*Task goal*:
Using the data that follows, output only the lines from the line with "sumerain Brushed Gold" up to and including the line with "Grow Bag G-36", exactly, leaving pictures aside.

*Supplied data*:
== == ==

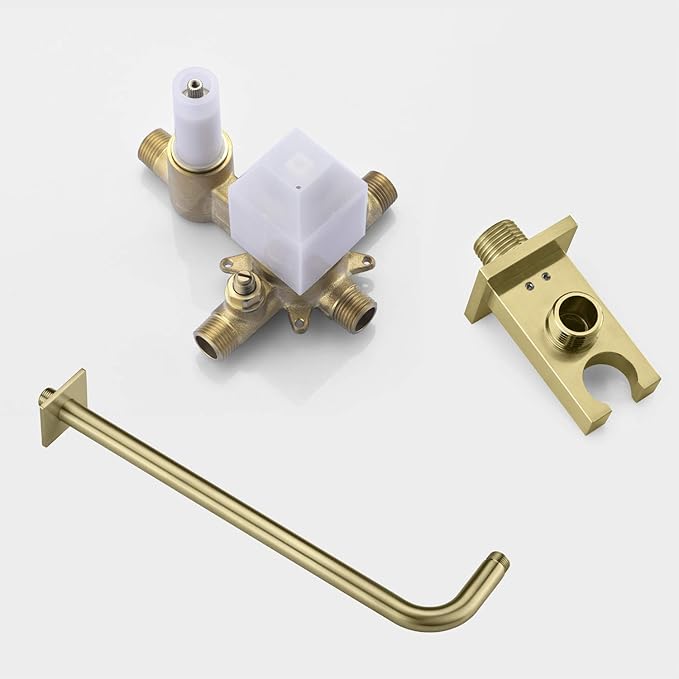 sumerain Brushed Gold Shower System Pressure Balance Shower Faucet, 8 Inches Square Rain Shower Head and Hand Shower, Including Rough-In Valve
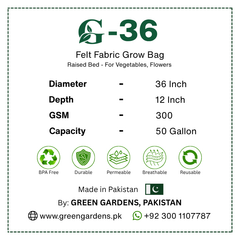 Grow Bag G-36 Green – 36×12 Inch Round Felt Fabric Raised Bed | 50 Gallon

== == ==

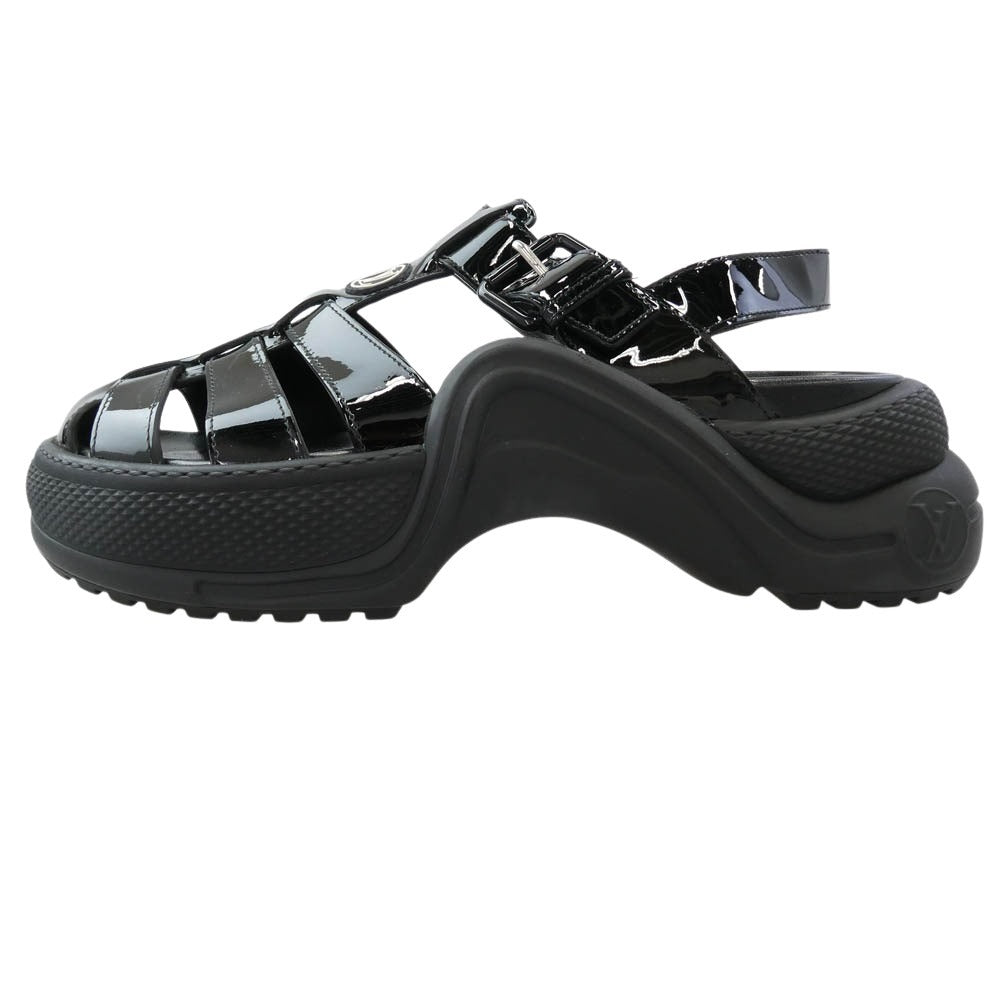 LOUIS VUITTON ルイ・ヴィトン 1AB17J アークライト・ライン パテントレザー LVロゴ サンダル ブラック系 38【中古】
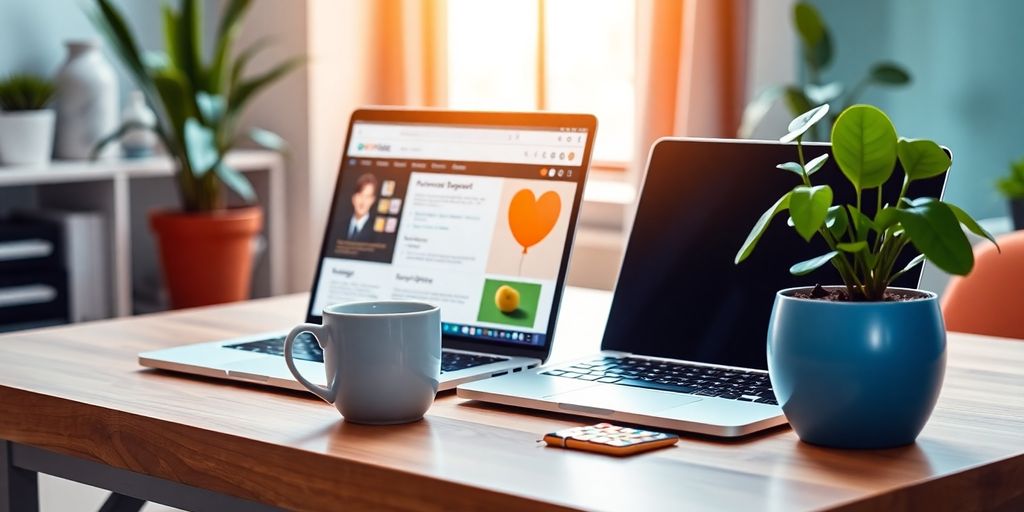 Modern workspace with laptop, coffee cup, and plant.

== == ==

*Solution for this problem*:
 sumerain Brushed Gold Shower System Pressure Balance Shower Faucet, 8 Inches Square Rain Shower Head and Hand Shower, Including Rough-In Valve
 Grow Bag G-36 Green – 36×12 Inch Round Felt Fabric Raised Bed | 50 Gallon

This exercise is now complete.